В июне 2013 года переговоры о продаже UMH были завершены[14]
. К 1 марта 2014-го компания должна была полностью перейти под контроль нового хозяина. Курченко не терпелось войти в права владения, поэтому сделка была завершена на четыре месяца раньше намеченного — в начале ноября 2013-го.Через две с половиной недели начался Майдан.
Глава 3
Революция ценностей
В июне 2015 года на втором этаже президентской администрации, часть которого я преобразовал в арт-центр, открылась выставка. 16 крупных, в два человеческих роста, портретов. Лица солдат и офицеров, отличившихся в первой за 70 лет большой войне на земле Украины. В посетителя всматриваются комбаты и рядовые, разведчик и танкист, летчики, гранатометчик…
Полковник Петр Якимец. 43 года. Летом 2014 года планировал операцию по освобождению Донецкой и Луганской областей. В ходе операции размер оккупированной территории сократился в два с лишним раза.
Командир группы снайперов, майор с позывным «Мяч». 28 лет. Остановил продвижение вражеской автоколонны под Парасковиевкой.
Подполковник Василь Зубанич. 32 года. На Донбассе с мая 2014-го. В августе прорвался в Луганский аэропорт, чтобы прикрыть выход наших частей из окружения. Был ранен, продолжал руководить боем.
Я предлагал сделать портреты черно-белыми. Но автор снимков настоял на своем и был, признаю, прав: в цветных фото нет и намека на стилизацию, чуждую такому занятию, как война. Получились факты жизни, а не искусства.
Когда я пишу эти строки, все герои выставки в строю и продолжают рисковать собой. В наших министерствах видишь обычно совсем другие галереи — длинные ряды портретов экс-министров. На их фоне не так уж трудно выделиться в лучшую сторону.

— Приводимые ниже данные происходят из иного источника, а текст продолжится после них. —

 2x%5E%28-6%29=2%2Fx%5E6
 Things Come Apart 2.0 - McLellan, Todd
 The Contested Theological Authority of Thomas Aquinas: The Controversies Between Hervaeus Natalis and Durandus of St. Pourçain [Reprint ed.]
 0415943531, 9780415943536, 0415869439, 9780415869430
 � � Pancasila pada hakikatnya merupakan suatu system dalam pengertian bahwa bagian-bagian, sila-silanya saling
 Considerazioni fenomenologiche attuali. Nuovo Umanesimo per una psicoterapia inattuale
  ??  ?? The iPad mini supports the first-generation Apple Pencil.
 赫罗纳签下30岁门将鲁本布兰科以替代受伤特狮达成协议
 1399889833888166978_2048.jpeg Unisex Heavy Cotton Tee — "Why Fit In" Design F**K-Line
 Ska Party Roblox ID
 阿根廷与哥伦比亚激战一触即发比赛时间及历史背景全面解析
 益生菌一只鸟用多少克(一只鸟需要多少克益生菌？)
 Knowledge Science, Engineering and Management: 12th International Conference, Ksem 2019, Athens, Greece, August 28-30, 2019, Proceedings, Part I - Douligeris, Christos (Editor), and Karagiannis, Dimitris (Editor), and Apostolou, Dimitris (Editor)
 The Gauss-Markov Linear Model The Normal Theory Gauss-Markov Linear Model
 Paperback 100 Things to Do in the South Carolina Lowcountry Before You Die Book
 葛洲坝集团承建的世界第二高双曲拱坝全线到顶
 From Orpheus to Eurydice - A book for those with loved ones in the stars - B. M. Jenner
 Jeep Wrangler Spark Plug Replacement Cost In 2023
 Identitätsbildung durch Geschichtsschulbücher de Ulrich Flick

Среди министров Третьей республики были и профессионалы, и бессребреники, но если искать олицетворение тех бед, которые привели республику к краху, то лучшего, чем министерские галереи, пожалуй, и не найти.
Украинский политический класс несет всю полноту ответственности за кризис 2013–2015 годов. Нашим политикам и чиновникам только предстоит подняться на уровень солдат и офицеров, которые в момент наивысшей опасности защитили страну.
В этом есть элемент чуда. 20 с лишним лет украинцы жили с ощущением конца истории. После распада СССР казалось, что войн больше не будет — просто потому что воевать не с кем. Украину окружают союзники и на Западе и на Востоке — так думали почти все. Армия воспринималась, как атавизм. По данным World Values Survey, в 1996–2014 годах доверие украинского общества к вооруженным силам снизилось с 68 % до 59 % (сумма ответов «полностью доверяю» и «в значительной степени доверяю»). Для сравнения: уровень доверия к своим вооруженным силам в России достигал в 2014-м 67 %, в США — 83 %.
Как ни парадоксально, весной 2014-го армия оказалась одной из немногих государственных структур, способной хоть как-то выполнять задачи, возложенные на нее обществом. Да, доверие к вооруженным силам снижалось, но все равно оно оставалось выше, чем к другим институтам: например, милиции, по данным последней волны исследований WVS, доверял 31 % украинцев, судам — 25 %.
Что представляла собой украинская армия после Майдана? Были отдельные части, было какое-то количество оружия и техники, но вооруженных сил как эффективно управляемой и действующей организации попросту не существовало. Беспомощность перед лицом российской агрессии в Крыму продемонстрировала это со всей беспощадностью.